Posted on:2004-06-22Degree:Ph.DType:Dissertation
University:Washington State UniversityCandidate:Schwab, Jane SarmientoFull Text:PDF
GTID:1465390011476957Subject:Literature
Abstract/Summary:
A discourse on Filipino American literature requires an understanding of the colonial relationship established by the United States with the seizure of the Philippine Islands in 1898. This trajectory of imperialism incorporated racist practices that circumscribed the lives of Filipinos under colonial rule which ended formally in 1946, but continues today in a neocolonial association with the U.S. The larger landscape of Asian exclusionary experiences is also discussed, and helps to situate Filipinos on this landscape. Filipinos, for example, are distinguished from other Asian groups because, as colonial subjects, they had been led to believe they were quasi-Americans through their colonial educational system that made them feel part of this colonial family until the Tydings-McDuffie Act of 1934.; This act turned Filipinos from wards of the colonial state to aliens which Filipinos understood as a betrayal by their colonial masters.
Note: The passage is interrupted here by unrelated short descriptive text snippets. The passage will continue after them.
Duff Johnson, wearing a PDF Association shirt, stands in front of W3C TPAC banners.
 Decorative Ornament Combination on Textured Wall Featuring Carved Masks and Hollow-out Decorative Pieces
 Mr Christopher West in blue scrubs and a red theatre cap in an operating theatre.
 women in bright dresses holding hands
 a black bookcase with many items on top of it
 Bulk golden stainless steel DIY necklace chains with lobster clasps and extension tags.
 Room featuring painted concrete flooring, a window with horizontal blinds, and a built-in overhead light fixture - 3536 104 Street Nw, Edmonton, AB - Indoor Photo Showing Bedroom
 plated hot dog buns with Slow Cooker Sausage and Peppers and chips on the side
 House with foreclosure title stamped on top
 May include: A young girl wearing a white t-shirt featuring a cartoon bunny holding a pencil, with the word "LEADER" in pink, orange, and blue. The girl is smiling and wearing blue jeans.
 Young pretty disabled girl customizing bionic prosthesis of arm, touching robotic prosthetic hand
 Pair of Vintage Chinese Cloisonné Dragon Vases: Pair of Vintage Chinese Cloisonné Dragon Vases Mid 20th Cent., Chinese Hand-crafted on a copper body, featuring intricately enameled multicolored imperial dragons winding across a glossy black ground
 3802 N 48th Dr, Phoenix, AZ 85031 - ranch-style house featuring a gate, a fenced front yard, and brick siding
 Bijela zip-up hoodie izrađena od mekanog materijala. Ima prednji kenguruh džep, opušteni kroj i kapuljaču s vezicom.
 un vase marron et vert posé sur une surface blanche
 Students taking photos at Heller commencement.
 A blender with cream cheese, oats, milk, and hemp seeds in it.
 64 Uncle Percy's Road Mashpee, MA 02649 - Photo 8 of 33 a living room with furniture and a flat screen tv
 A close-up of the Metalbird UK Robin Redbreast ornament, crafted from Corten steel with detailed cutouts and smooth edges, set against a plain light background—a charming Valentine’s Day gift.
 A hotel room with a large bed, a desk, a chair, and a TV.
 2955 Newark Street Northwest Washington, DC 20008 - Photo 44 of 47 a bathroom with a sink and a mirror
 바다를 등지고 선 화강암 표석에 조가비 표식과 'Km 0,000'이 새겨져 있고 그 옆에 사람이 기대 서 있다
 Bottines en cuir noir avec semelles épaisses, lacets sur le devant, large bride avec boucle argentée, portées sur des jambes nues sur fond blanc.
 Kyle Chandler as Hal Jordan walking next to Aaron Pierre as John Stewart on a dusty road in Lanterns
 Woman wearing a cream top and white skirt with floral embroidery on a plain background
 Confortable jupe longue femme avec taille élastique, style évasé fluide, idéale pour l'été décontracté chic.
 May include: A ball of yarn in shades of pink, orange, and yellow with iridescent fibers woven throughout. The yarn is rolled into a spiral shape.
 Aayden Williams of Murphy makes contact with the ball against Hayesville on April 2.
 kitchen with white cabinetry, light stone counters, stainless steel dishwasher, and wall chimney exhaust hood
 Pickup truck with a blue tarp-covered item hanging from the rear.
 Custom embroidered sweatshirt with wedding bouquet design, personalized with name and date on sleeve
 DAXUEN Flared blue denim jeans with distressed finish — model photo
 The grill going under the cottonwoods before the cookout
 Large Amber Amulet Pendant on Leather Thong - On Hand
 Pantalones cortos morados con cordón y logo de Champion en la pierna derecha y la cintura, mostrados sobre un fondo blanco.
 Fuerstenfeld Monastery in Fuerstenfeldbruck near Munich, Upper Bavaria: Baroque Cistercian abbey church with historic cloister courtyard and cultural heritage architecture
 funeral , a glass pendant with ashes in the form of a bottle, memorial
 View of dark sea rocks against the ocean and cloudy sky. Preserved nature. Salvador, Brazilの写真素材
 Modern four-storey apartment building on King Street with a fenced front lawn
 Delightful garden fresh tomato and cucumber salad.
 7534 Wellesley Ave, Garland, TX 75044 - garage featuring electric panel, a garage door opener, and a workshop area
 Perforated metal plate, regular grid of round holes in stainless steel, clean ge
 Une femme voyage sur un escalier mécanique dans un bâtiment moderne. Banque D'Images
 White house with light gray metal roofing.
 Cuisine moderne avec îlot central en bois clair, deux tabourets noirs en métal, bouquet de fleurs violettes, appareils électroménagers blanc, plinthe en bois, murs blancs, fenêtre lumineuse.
The chapter titles, which follow, elaborate on the impact of U.S. imperialism/colonialism in Filipino American literature. Chapter One: Philippine/U.S. Imperial Dance; Chapter Two: Little Brown Brother, Savages, and Aliens---Racial Identities for the Colonized Filipino; Chapter Three: American Movies: Cultural Imperialism; and Chapter Four: Agrarian Revolt in the Fields of Central Luzon and California. The Filipino American artists, hence, speak to this colonial relationship in their fiction, and in their poetry beginning with N.V.M. Gonzalez, Marianne Villanueva, and Fatima Lim Wilson in the first chapter. The second chapter features M. Evelina Galang and Brian Ascalon Roley. The third chapter covers the work Jessica Hagedorn and Nick Carbo and in the fourth chapter, the personal histories of Philip Vera Cruz and Carlos Bulosan round out the literary pieces with non-fiction. With each chapter theoretical and historical contexts enhance the reading of the literature, and key scholars include Joel Kovel, E. San Juan, Michael Parenti, Stuart Creighton Miller, Carey McWilliams, Gabriel Kolko, Renato Constantino, Joel David, James S. Moy, Robert G. Lee, Leny Mendoza Strobel, Antonio Gramsci, and Karl Marx.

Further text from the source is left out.